Many thanks for your replies everyone
I agree re hardware issues - it's hard for the development stream to keep up with new hardware - even if some of them seem to be paid to do it. I suspect some hardware vendors have done exclusive business deals with MS. (Hopefully, it will turn out to be their loss one day)
FWIW I have had Apache 1.x series on both 7.3 and 8.2 with no problems. Am sure that Samba was available on both of those two versions as well but I never used it. I'd agree that sound shifting into the kernel is a 'new thing' and therefore probably buggy. Displays have always been an issue of one sort or another with Linux.

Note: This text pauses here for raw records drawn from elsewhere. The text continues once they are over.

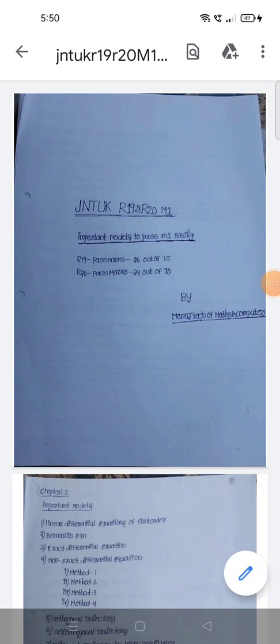Hi guys, this is Manoj. In this video, we are covering JN2K R19 and R20 Regulation M1 LA Pass, chapter-wise important topics. The second chapter's important topics will be discussed.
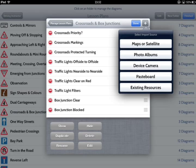A new window will allow you to specify where to look for your new material. All of the pre-drawn diagrams provided in the app are in the Existing Resources section. You can also add from Maps and Satellite views of actual junctions, camera or album photographs, such as a photo of your dashboard for the controls lesson, or paste copied clipboard items.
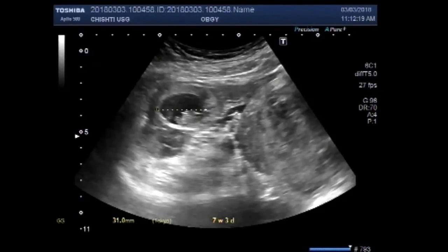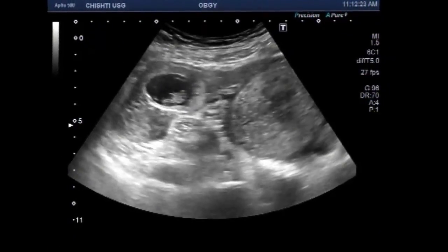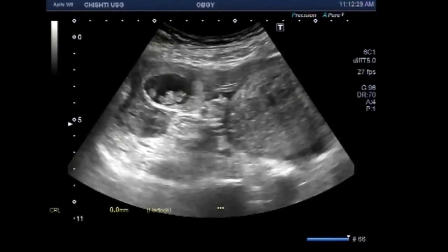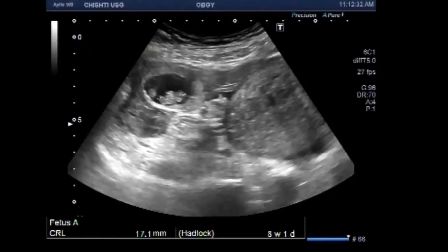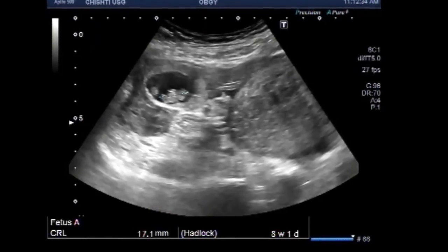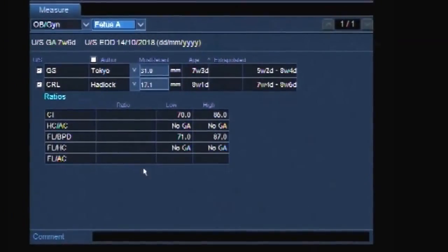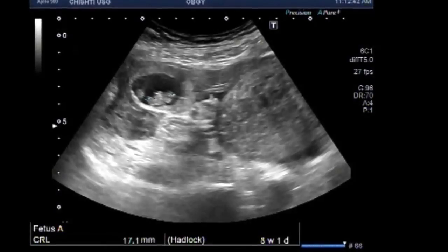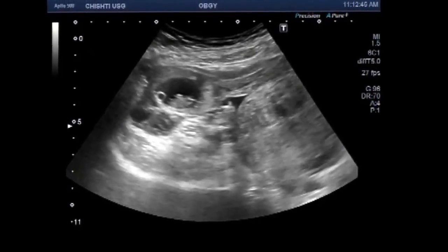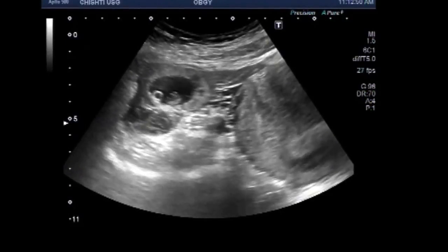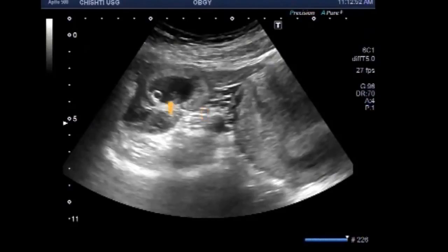Now you can see the measurement of the gestational sac and crown-rump length of the fetus. This shows a pregnancy of about 8 weeks, 7 weeks 6 days. A small umbilical vesicle is also visible — this is the umbilical vesicle.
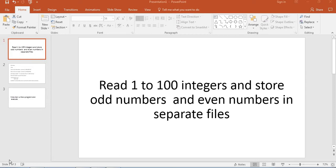Hi everyone, today we discuss writing a program where we have integers from 1 to 100 and we have to separate them — reading even numbers into one file and odd numbers into a separate file. This is a files concept where you store odd numbers in one file and even numbers in another file.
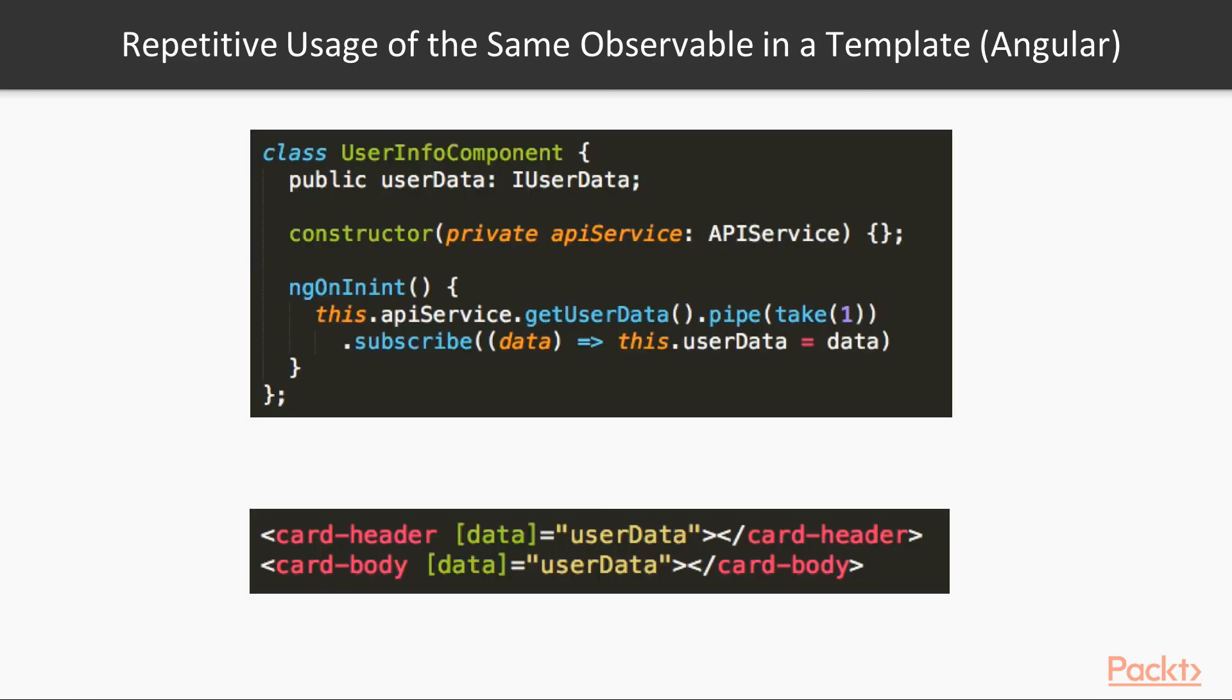Next anti-pattern is related to Angular framework only. A small prehistory first. In Angular, there are two main ways of using values from Observable in component template.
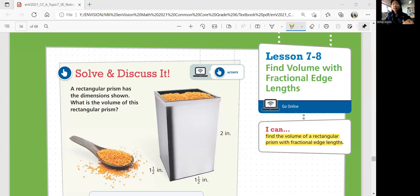Hello everyone, welcome to Math 6. This is the last lesson of topic 7, lesson 7-8: Find Volume with Fractional Edge Lengths. In this lesson, we'll be able to find the volume of a rectangular prism with fractional edge lengths.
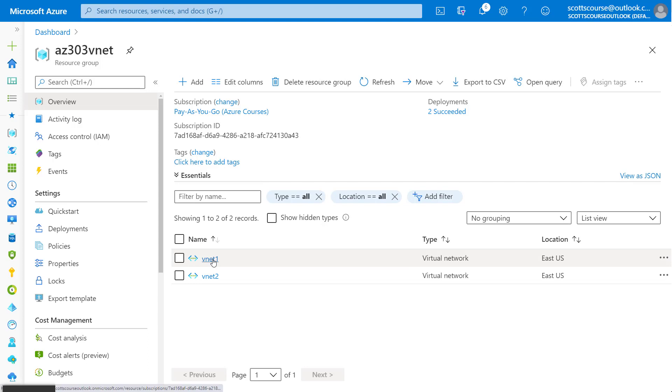A network gateway is like a site to site VPN. It is going to be a virtual device, a virtual network gateway, but it's going to encrypt the traffic. So any traffic traveling between the two VNets will be encrypted through a tunnel.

I once had a TFT (Iiyama I think) die and was never sure whether it was the card, the terminal, or dual boot RH and NT that was the problem.
and yes you have to do the research first... I'd agree with that.
My pet points of issue with SuSE are :
1. not providing gcc 2.95 This is the stable version of gcc used for kernel builds. 8.3 provided the world with a pre release of gcc v3.3 and I have yet to manage to install 2.95 safely i.e. being sure I wasn't about to wreck v3.3. Given that I bought the professional version and I think it's feasible that someone who buys the professional version would want a 'safe' 'industry-standard' 'standards compatible' compiler, I was a bit miffed that 2.95 wasn't available for install alongside 3.3
2. Twice I have had problems with code compile. Once was the winmodem code (no MOD_VERSIONS IIRC) and once was attempting to recompile my existing kernel using the source code provided on the distro. Having said that I took CVS out of rpm db and installed v 1.11.17 outside the rpm db structure (no rpm available) and I have recently compiled Apache 1.3.31 ok too. One thing that SuSE does tend to do is wander away from the 'structure of things' so there are some tweaks in the httpd.conf for v1.3.27 which are SuSE dept.
As far as wrecking a system goes, been there done that got the T-shirt
I was dual booting XP/7.3 and backed up to do a fresh install of 8.2. I completely missed the change in the 'how do you want to boot up' (GRUB v LILO, floopy v. hdd etc) and it's placement in the install procedure and managed to overwrite my MBR. That was the day I went totally Linux.